--- Work order ---
Pictures must not appear in your answer. Write out exactly the lines from the one with "If you’re a" through the last line of the entries below.

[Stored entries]
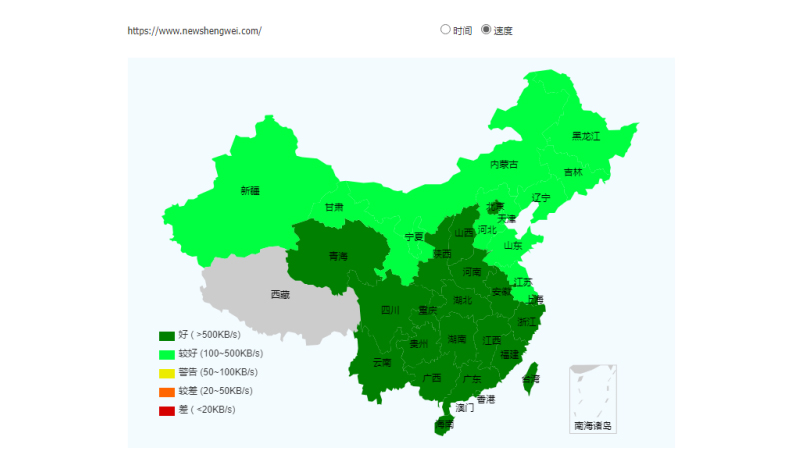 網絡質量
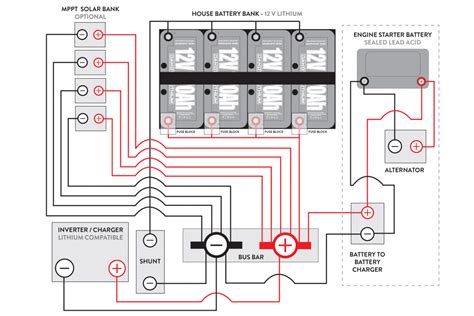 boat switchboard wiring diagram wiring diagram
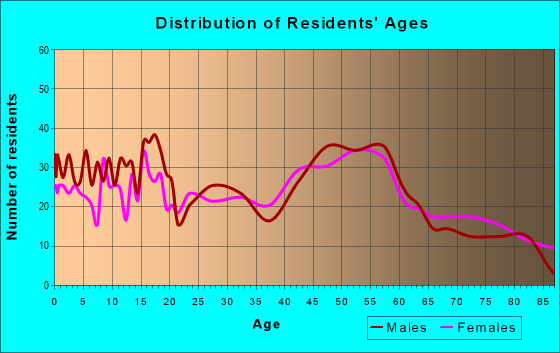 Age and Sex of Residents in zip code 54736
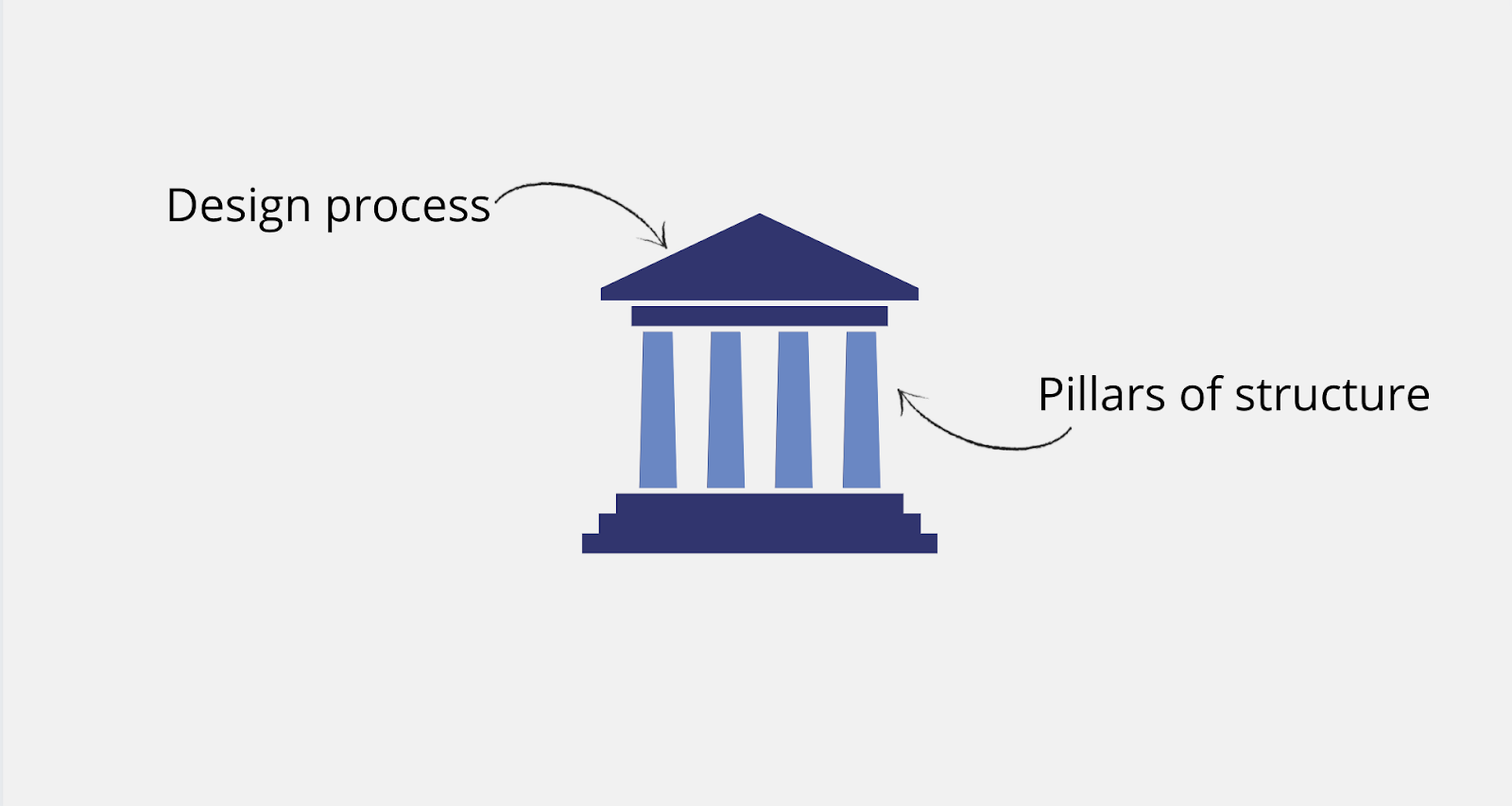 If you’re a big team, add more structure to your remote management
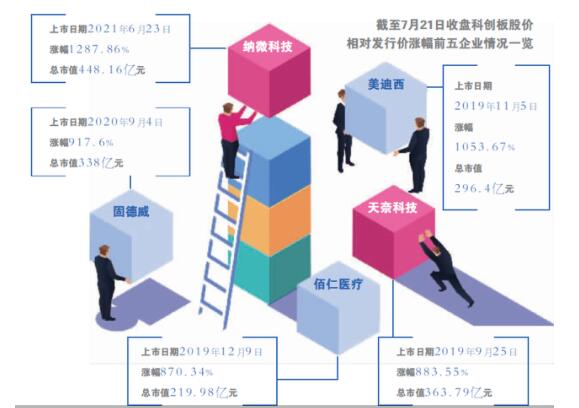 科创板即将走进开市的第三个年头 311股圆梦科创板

--- Task solution ---
 If you’re a big team, add more structure to your remote management
 科创板即将走进开市的第三个年头 311股圆梦科创板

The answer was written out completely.